*** Data for the task ***
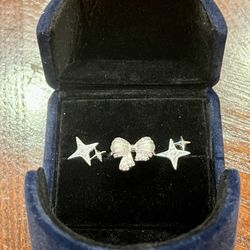 Diamond Ring And Earring Set Sterling Silver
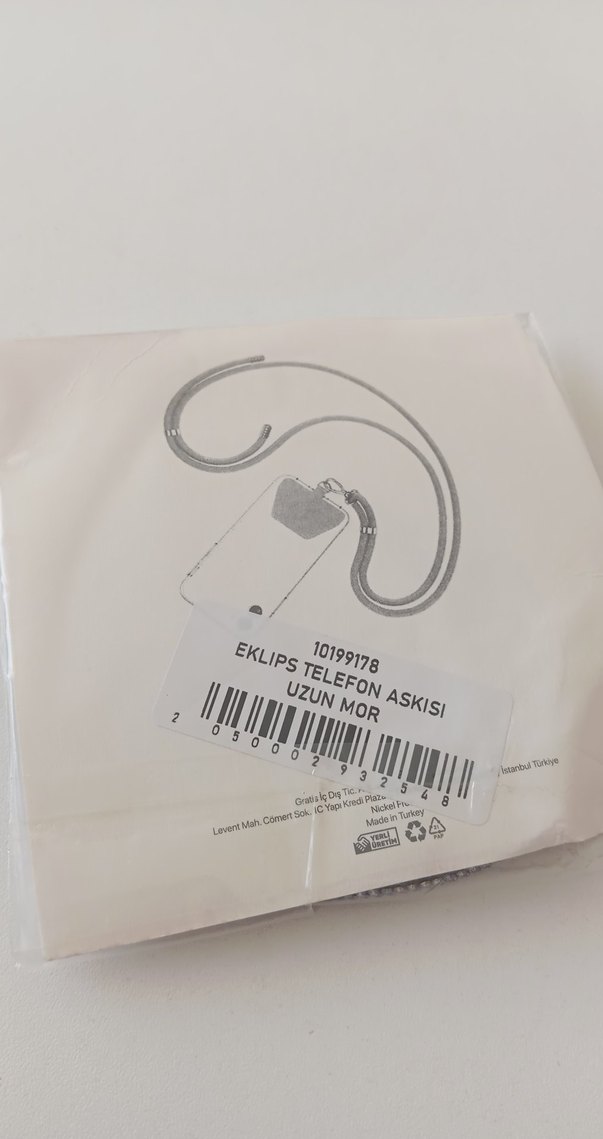 Gri Yılan Desenli Zincir Detaylı Cep Telefon Askısı - Görsel 4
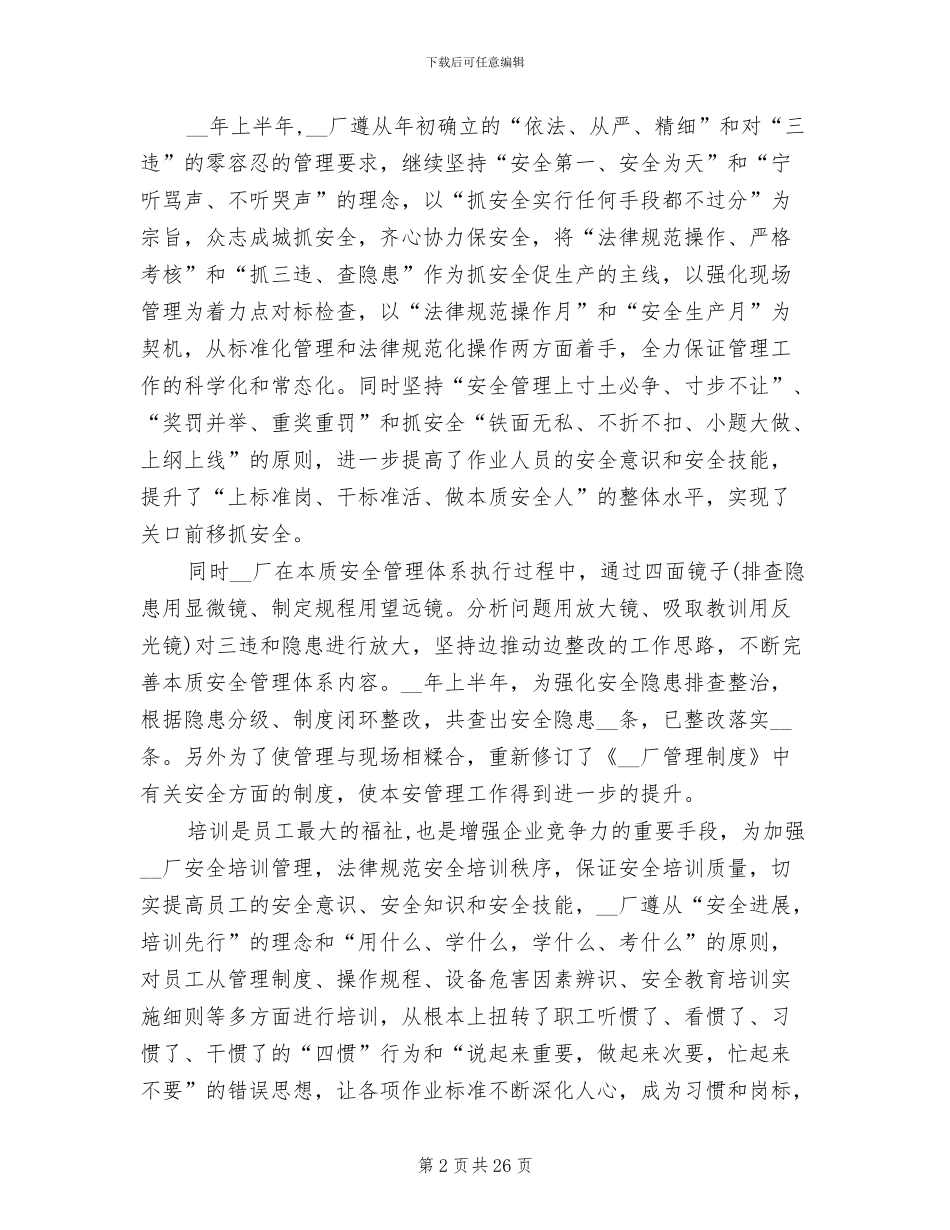 2024年工厂安全工作总结_第2页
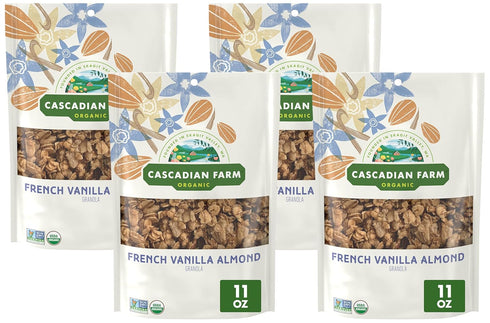Cascadian Farm Organic Granola, French Vanilla Almond Cereal, Resealable Pouch, 11 oz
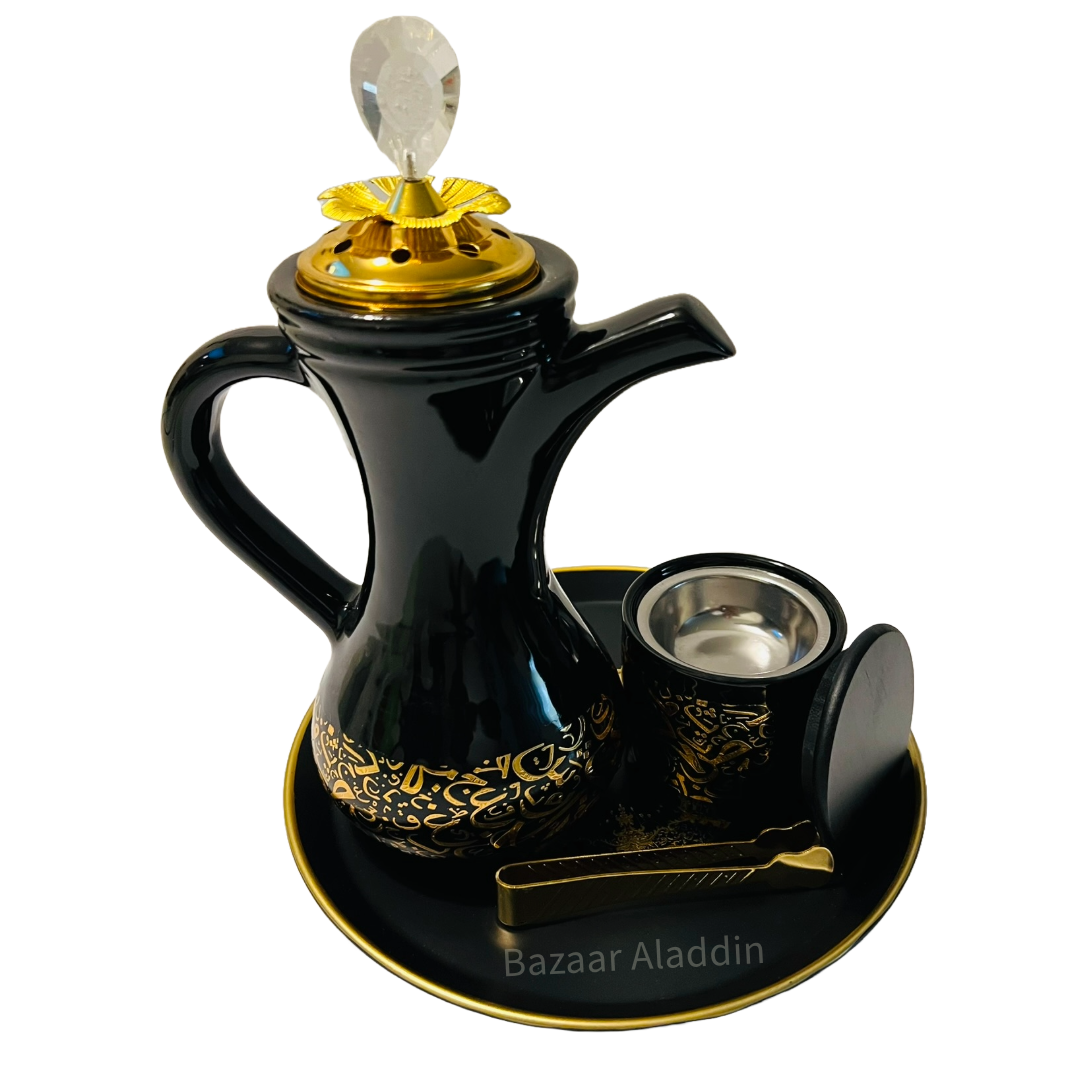 Incense Burners Shaped Like a Dallah with a Glass Finish and Metal Base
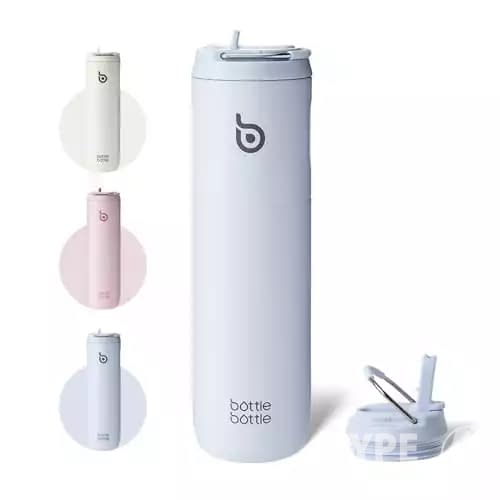 BOTTLE BOTTLE Insulated Water Bottle 24oz with Straw Lid and Handle for Sports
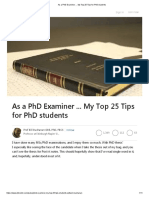 As a PhD Examiner ... My Top 25 Tips for PhD Students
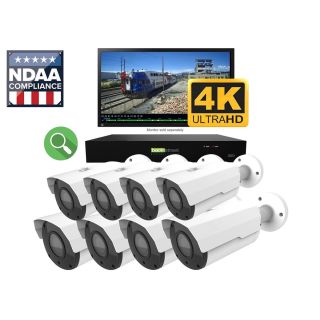 8 Camera Surveillance System 4K Live video zoom lens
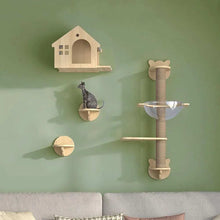Masterpiece Wall Mounted Cat Furniture Cat Climber with Kitty House - Save Space Thickened Board for Sleeping Playing - Purrfect Pet Haven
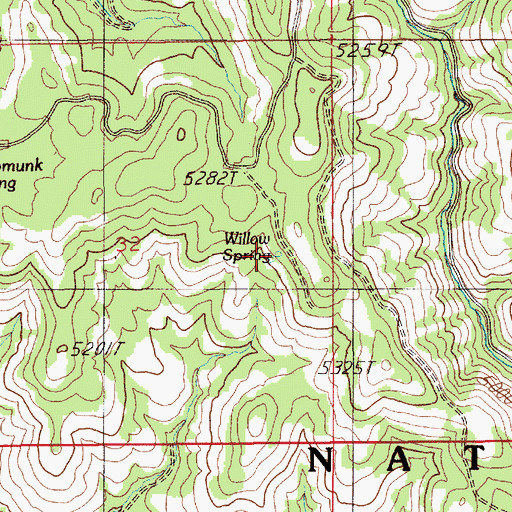 Topographic Map of Willow Spring, ID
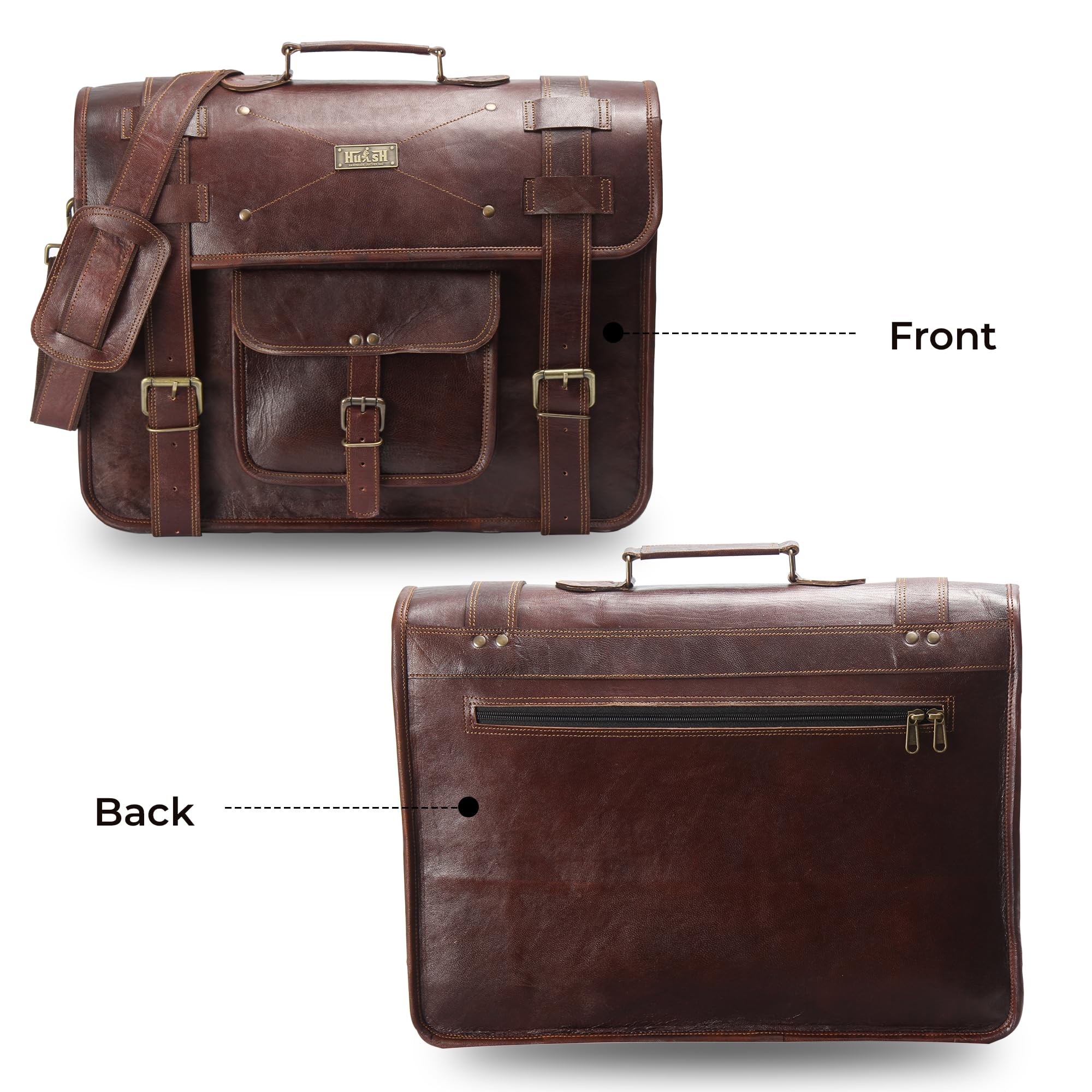 Premium Full Grain Leather Messenger Bag for Men - Durable Genuine Leather Laptop Briefcase & Business Satchel - Perfect for Office, Travel & Daily Commute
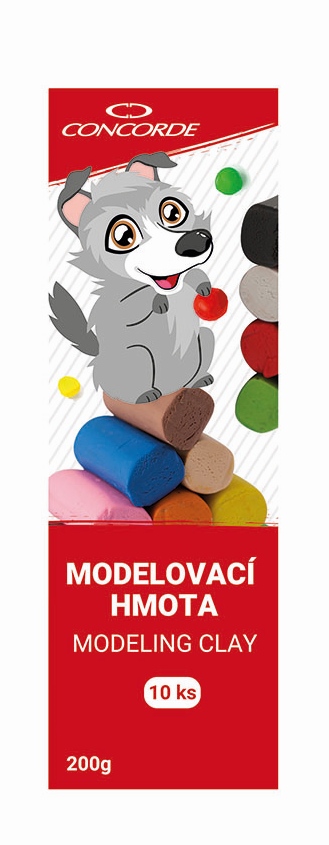 CONCORDE Modelovací hmota, 200 g - 10 barev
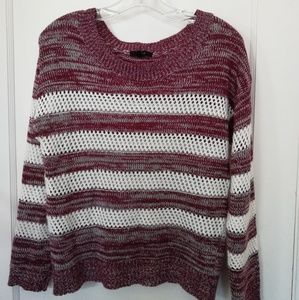 Red & White Eyelet Sweater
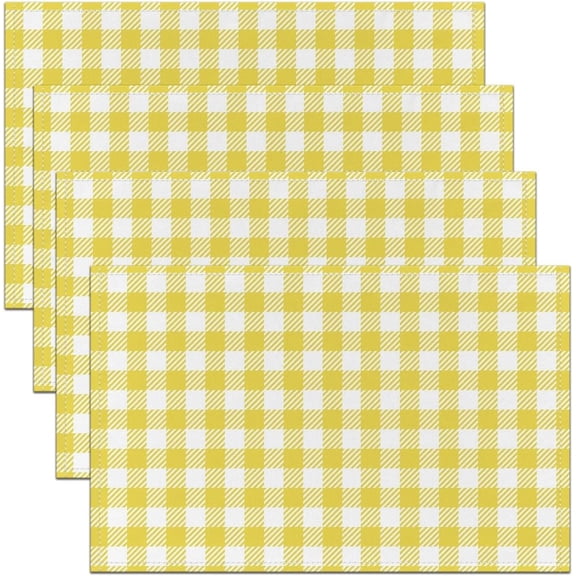 Yellow Plaid Placemats Set of 4,Buffalo Check Plaid Place Mats,Classic Gingham Pattern Placemat for Kitchen Dining Table Yellow White Scottish Table Mats Indoor Outdoor 18"x12"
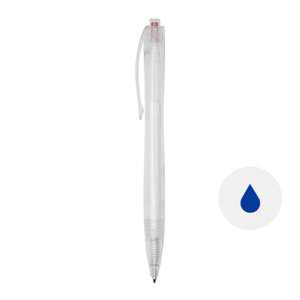Penna a sfera in PET riciclato trasparente con dettagli colorati in refill blu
*** End of Data for the task ***
Reproduce the material above exactly but drop all images.

 Diamond Ring And Earring Set Sterling Silver
 Gri Yılan Desenli Zincir Detaylı Cep Telefon Askısı - Görsel 4
 2024年工厂安全工作总结_第2页
Cascadian Farm Organic Granola, French Vanilla Almond Cereal, Resealable Pouch, 11 oz
 Incense Burners Shaped Like a Dallah with a Glass Finish and Metal Base
 BOTTLE BOTTLE Insulated Water Bottle 24oz with Straw Lid and Handle for Sports
 As a PhD Examiner ... My Top 25 Tips for PhD Students
 8 Camera Surveillance System 4K Live video zoom lens
Masterpiece Wall Mounted Cat Furniture Cat Climber with Kitty House - Save Space Thickened Board for Sleeping Playing - Purrfect Pet Haven
 Topographic Map of Willow Spring, ID
 Premium Full Grain Leather Messenger Bag for Men - Durable Genuine Leather Laptop Briefcase & Business Satchel - Perfect for Office, Travel & Daily Commute
 CONCORDE Modelovací hmota, 200 g - 10 barev
 Red & White Eyelet Sweater
 Yellow Plaid Placemats Set of 4,Buffalo Check Plaid Place Mats,Classic Gingham Pattern Placemat for Kitchen Dining Table Yellow White Scottish Table Mats Indoor Outdoor 18"x12"
Penna a sfera in PET riciclato trasparente con dettagli colorati in refill blu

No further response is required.